Widow calls for changes to dental anesthesia requirements after husband dies from routine procedure
WILMINGTON, N.C. (WECT/Gray News) – A widow is urging the North Carolina Dental Board to consider making changes to the way sedation dentistry is performed after her husband died after a routine procedure in 2020.
Cardiologist Dr. Henry Patel was put under anesthesia on July 30, 2020, for a dental implant and never regained consciousness.
“I never thought I would go into a dental office and come back a widow.
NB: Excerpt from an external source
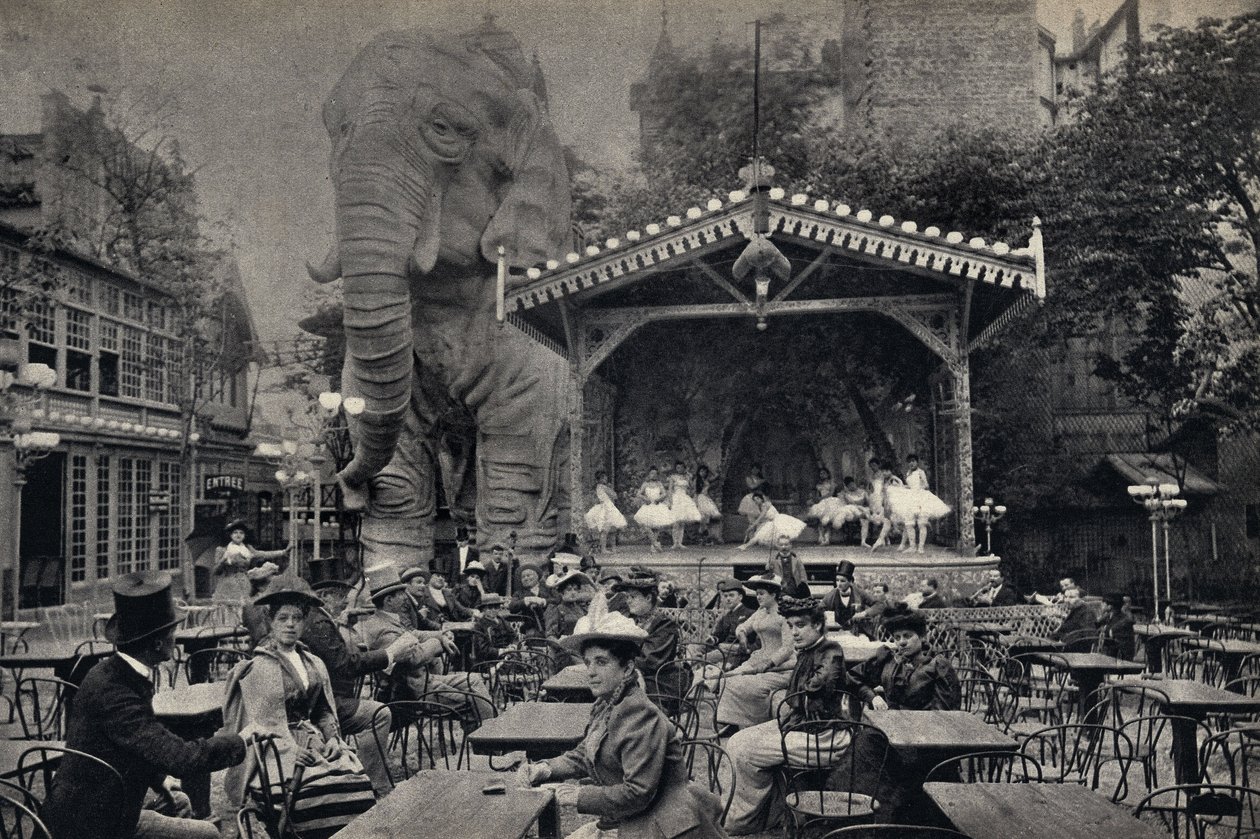 Populaire levensscène bij de Moulin Rouge in Parijs. Fotografie, eind 19e eeuw, Parijs. Coll. Selva. door Unknown photographer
Who has to do that at age 47? But I would never even see him speak or open his eyes again,” Shital Patel told WECT through tears, remembering the shocking outcome of her husband’s dental appointment.
An anesthesiologist or certified registered nurse anesthetist must be present when patients are put under anesthesia for medical procedures in case something goes wrong, but that safeguard is not in place for dentists or oral surgeons.
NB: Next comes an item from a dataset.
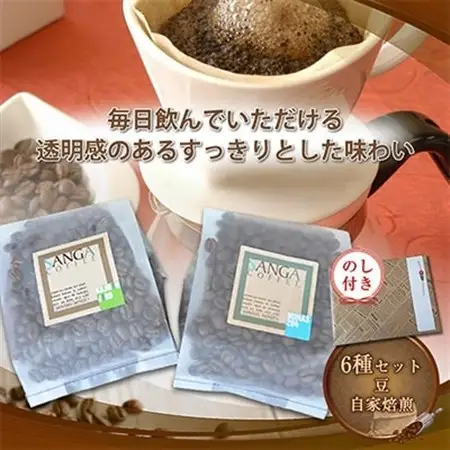 【のし付き】サンガコーヒー〈豆〉100g×6種_飲料・ドリンク コーヒー豆 コーヒー・コーヒー豆 珈琲 珈琲豆_【1097801】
Patel believes the lack of a CRNA in the room cost her husband his life.
She was waiting in the lobby and couldn’t understand why a procedure that was supposed to take just 20 or 30 minutes had been taking much longer.
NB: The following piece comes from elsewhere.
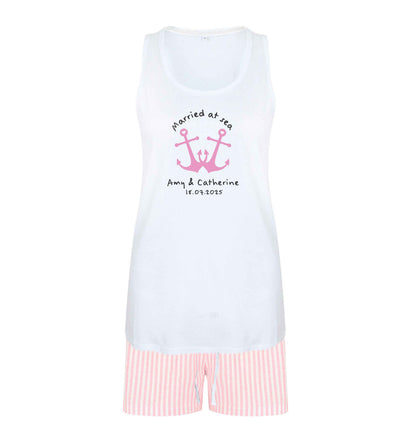 Married at sea pink anchors size XL women's pyjama shorts set in pink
When she went to ask about the delay for the third time, she realized something had gone horribly wrong.
“They are like, ‘We are handling it, we have a crash cart ready, we’ve called 911.’ And I’m like, ‘What do you mean you’ve called 911? What’s happening?’” Patel recalled.
Investigators from the dental board discovered the oral surgeon tried and failed to place an endotracheal tube and didn’t even attempt CPR.
Paramedics were finally able to regain a pulse, but he was brain dead after having been deprived of oxygen so long.
His family took him off life support after several agonizing days in the hospital.
Patel learned her husband was one of at least four people in North Carolina who have died in the past few years after receiving dental anesthesia.
Henry Patel’s medical partner filed a complaint with the dental board. His friends and family are working to change the way anesthesia is performed in dental offices across the state.
“If you are going to do deep sedation, and we are not saying you shouldn’t do it, all we are saying is have a CRNA or anesthesiologist present,” Patel said. “Because you as an oral surgeon or anybody in the field cannot be paying attention to what you are doing, important work inside a patient’s mouth, and monitoring the numbers, and looking out for vital signs.”
Requiring trained personnel to be present during dental anesthesia would come at a significant cost that would either have to be absorbed by dental providers or passed along to patients.
“Nobody should have to go through what we are going through, and what the other families are going through because it’s preventable,” the widow added.